Practical State Machinery

As abstractions go, finite state machines represent a bit of low hanging fruit when you have real world problems to solve. The jargon can be a little forbidding-MDN leads with "a mathematical abstraction used to design algorithms" and pretty much gets more technical from there-but in reality they represent a simple and practical technique for structuring code. This post is aimed at working engineers in the web and mobile world who want to understand the practical uses of state machines as a tool for software design. To that end, we'll focus on concrete examples. The MDN link above provides a definition for the term "state machine;" we're going to use it in a sentence.

First question: What is a "state?" It's a condition something is in, where that thing is always in some condition out of a finite list at any given time. A car's transmission might be in park, reverse or drive but not (we hope!) more than one at once. In software, the thing in question might be a blog post that's in draft, published or deleted; it might be a user interface element that shows one pane on loading, one on success and another on error, with an option to retry; it might be code deep in the network stack, ensuring handshakes are executed correctly.

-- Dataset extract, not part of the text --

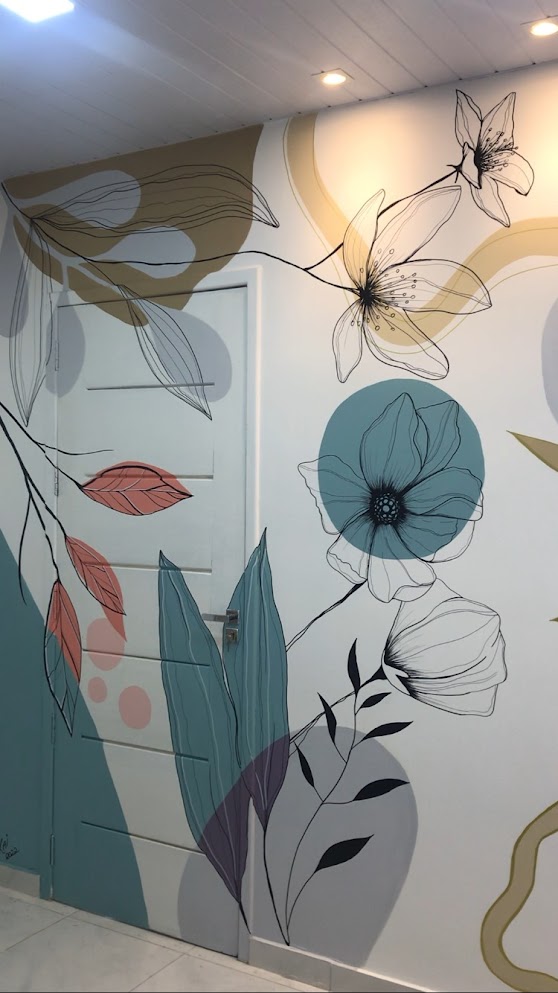 Floral Contemporâneo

Many things you will have to model in software have states of this kind, implicitly or explicitly.

"State machines" tell you, for a given thing, what state it should start in, and what the rules are for moving from state to state. For programmers, they're a basic and powerful tool for imposing order on chaos. The benefits of state machines often stem from their declarative nature:

Validity: Many bugs either never arise in the first place or turn into explicit errors with state machines. For example, an operation can be made to fail because it was called out of order, rather than being permitted to run with a nil value that it expects an earlier operation to have set.
Clarity: Machine definitions are relatively easy to visualize mentally, and literally using tools like graphviz.
Extensibility: Machine definitions are also relatively easy to extend after the fact with new events and states. This is an important point because it's reasonable for developers to worry that a state machine represents too much of an upfront design commitment. In cases where the machine represents complex business logic, the upfront commitment may well pay off later, when extending (or fixing) that logic is a matter of updating or creating a few definitions, rather than untangling a bowl of spaghetti code.
Polymorphism: Software entities can, in general, dispatch to different implementations based on their current state, or even import entirely new interfaces. This can be tremendously useful, say, for conditional validation.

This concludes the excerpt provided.